# Personal protection dog trainer in calif



## Chris Jones (Jan 26, 2008)

I know of someone in Southern California that is looking for a personal protection dog. They prefer a GSD. Any qualified trainers with dogs that anyone could recommend that I send them to?


----------



## Kyle Sprag (Jan 10, 2008)

that would depend a lot on the handlers experience, bank account and what exactly he is looking for in the dog. Some more info would help. I get asked from time to time the same thing, I know where I would go but for someone else it is weird. Also, many people don't understand the cost that can be involved in a young trained adult.


----------



## Kadi Thingvall (Jan 22, 2007)

I don't know if these guys have anything "in stock" but they are good trainers, honest people, and I'm sure could find your friend something, then help with whatever training needs the dog had.

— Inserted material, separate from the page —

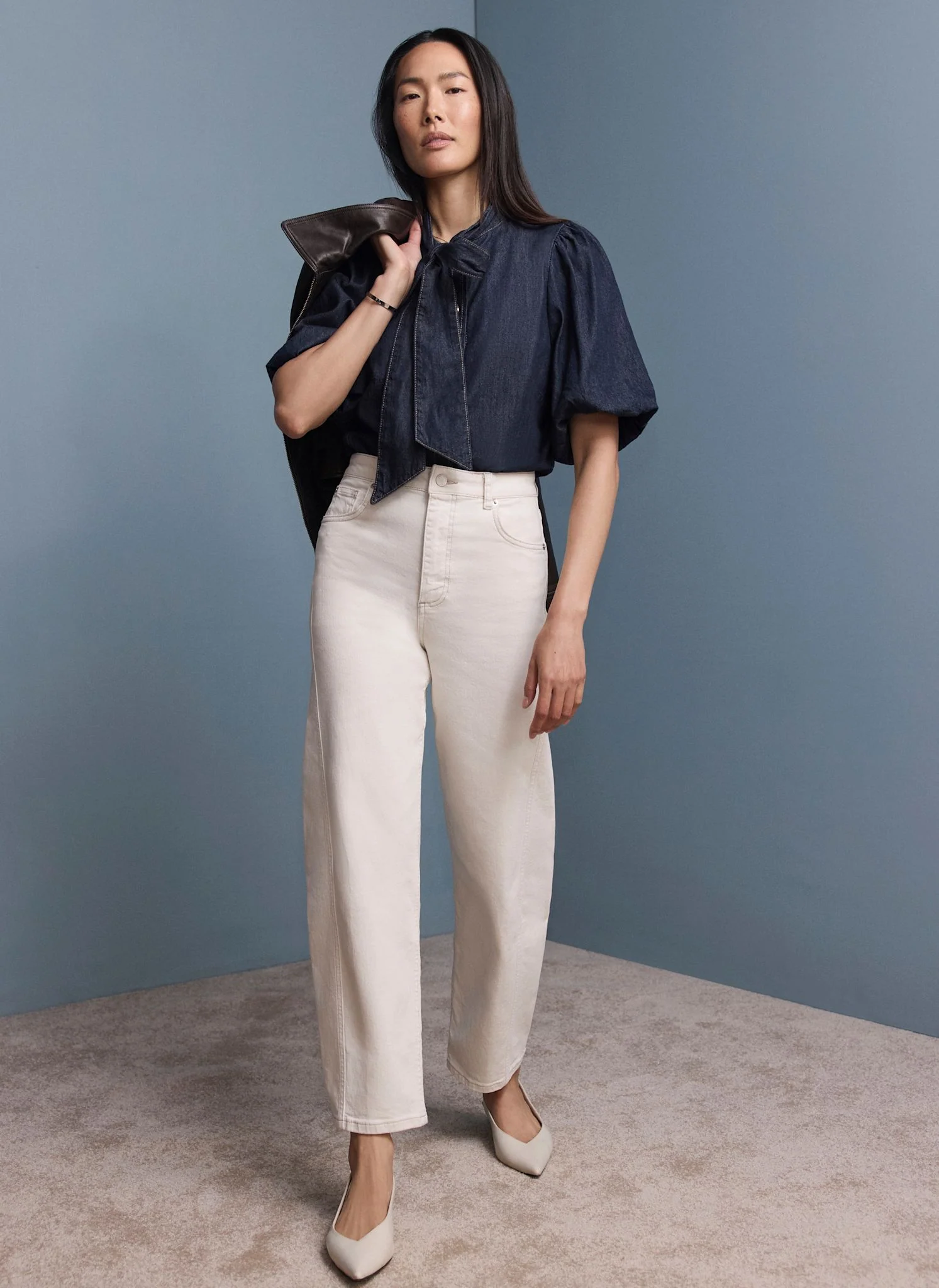 Cream Barrel Leg Jeans - Image 3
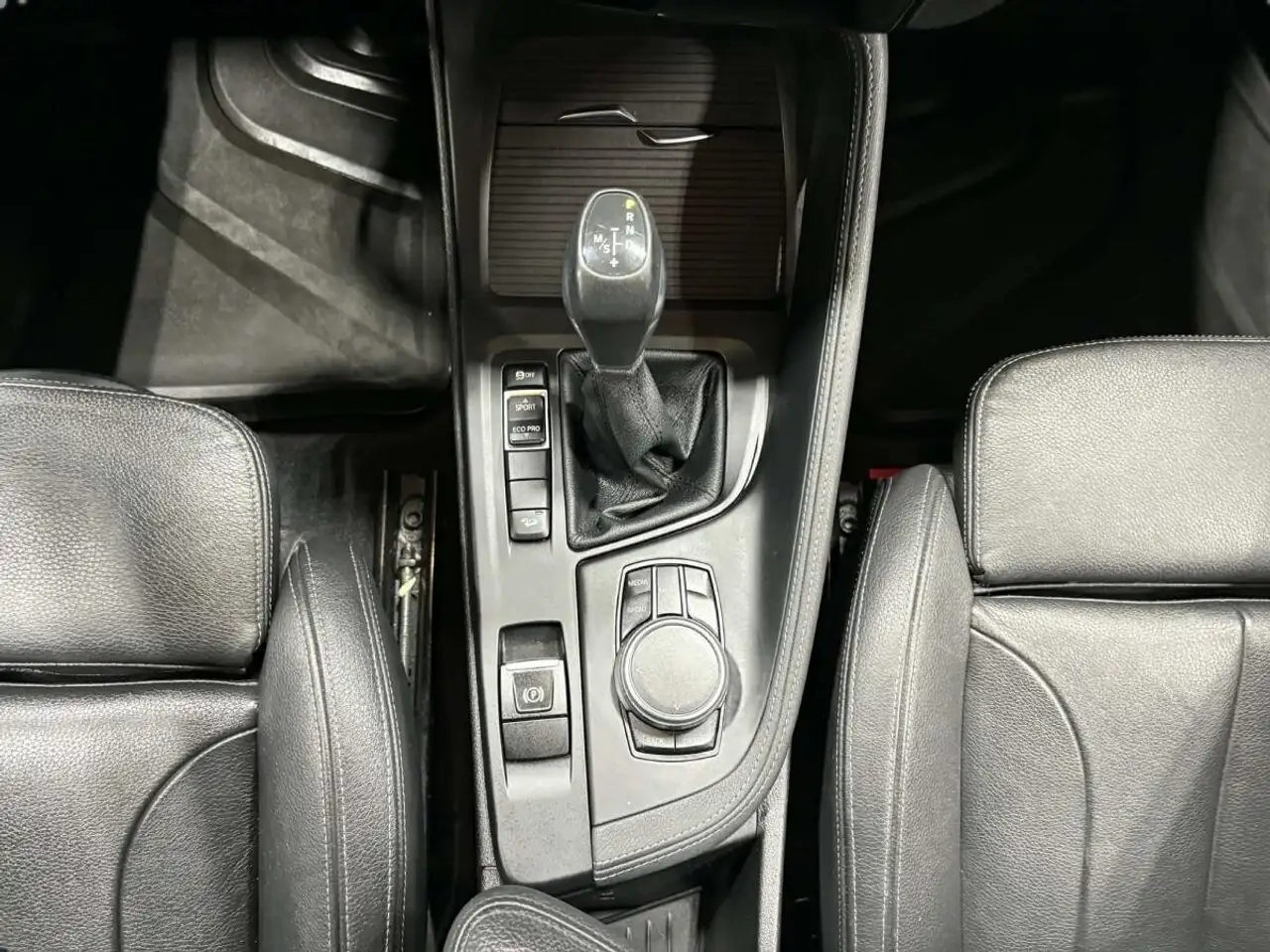 BMW X1 photo BMW X1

Pete is a GSD breeder, so the best chance of him having GSDs for sale right now.

Adrian Centeno - http://www.training4dogz.com/ This is who I train my FR dogs with
Brian Callin - http://whoswalkingwho.com/ We've done some PSA training together
Pete Medina - http://goldenstatek9trainingacademy.com/ I use his facility all the time for training

I think the Whos Walking Who is actually a group of multiple trainers, Brian is the only one I have experience with, so I couldn't give an opinion on the others.


----------